Your assignment |
Repeat everything in the listing exactly, except for the images.

Data |
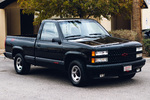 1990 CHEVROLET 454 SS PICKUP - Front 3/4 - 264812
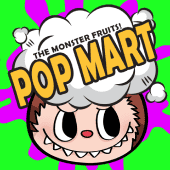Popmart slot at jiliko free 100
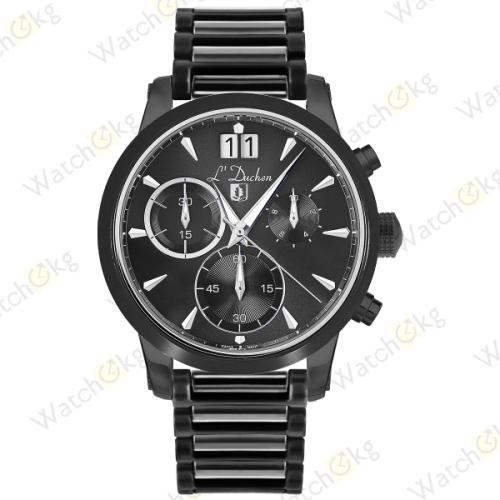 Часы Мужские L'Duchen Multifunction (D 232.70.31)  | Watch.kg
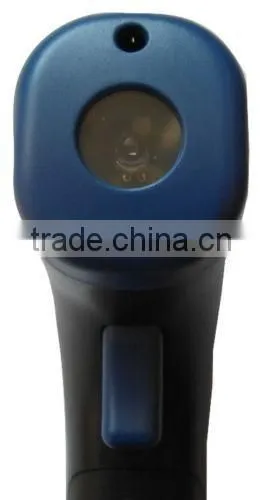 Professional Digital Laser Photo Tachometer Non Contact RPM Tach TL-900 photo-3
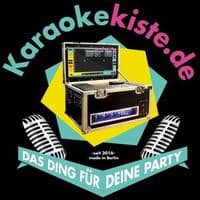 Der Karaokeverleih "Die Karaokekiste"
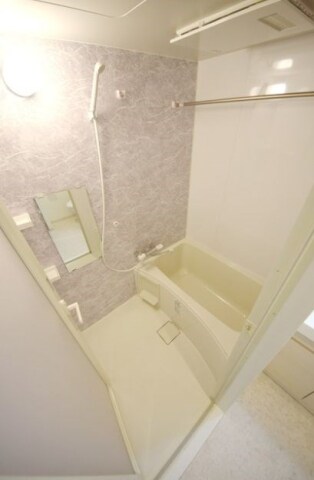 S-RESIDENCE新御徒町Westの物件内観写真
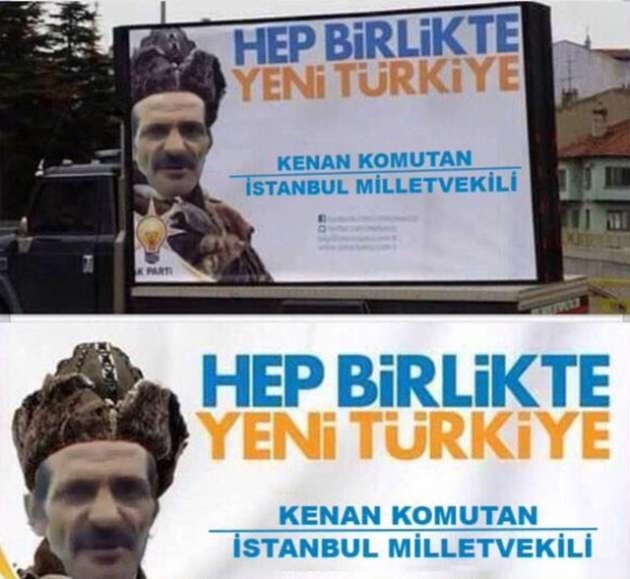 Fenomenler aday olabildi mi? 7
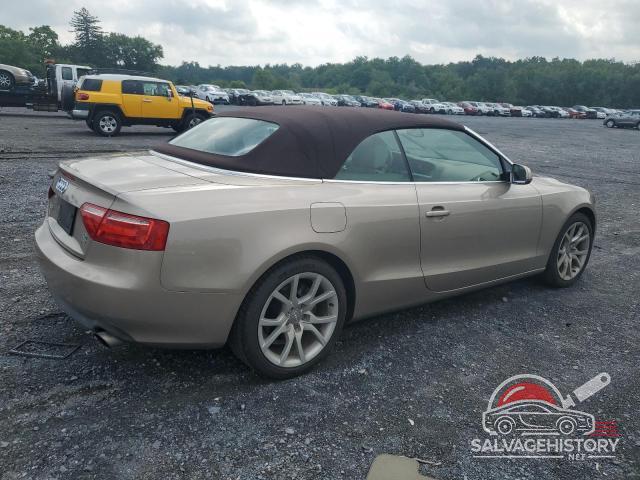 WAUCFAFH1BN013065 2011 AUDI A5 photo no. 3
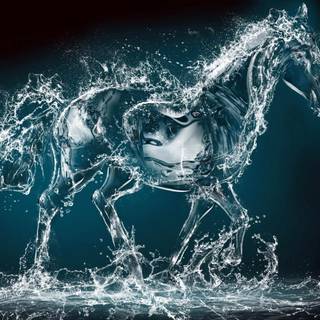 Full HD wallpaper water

Response |
 1990 CHEVROLET 454 SS PICKUP - Front 3/4 - 264812
Popmart slot at jiliko free 100
 Часы Мужские L'Duchen Multifunction (D 232.70.31)  | Watch.kg
 Professional Digital Laser Photo Tachometer Non Contact RPM Tach TL-900 photo-3
 Der Karaokeverleih "Die Karaokekiste"
 S-RESIDENCE新御徒町Westの物件内観写真
 Fenomenler aday olabildi mi? 7
 WAUCFAFH1BN013065 2011 AUDI A5 photo no. 3
 Full HD wallpaper water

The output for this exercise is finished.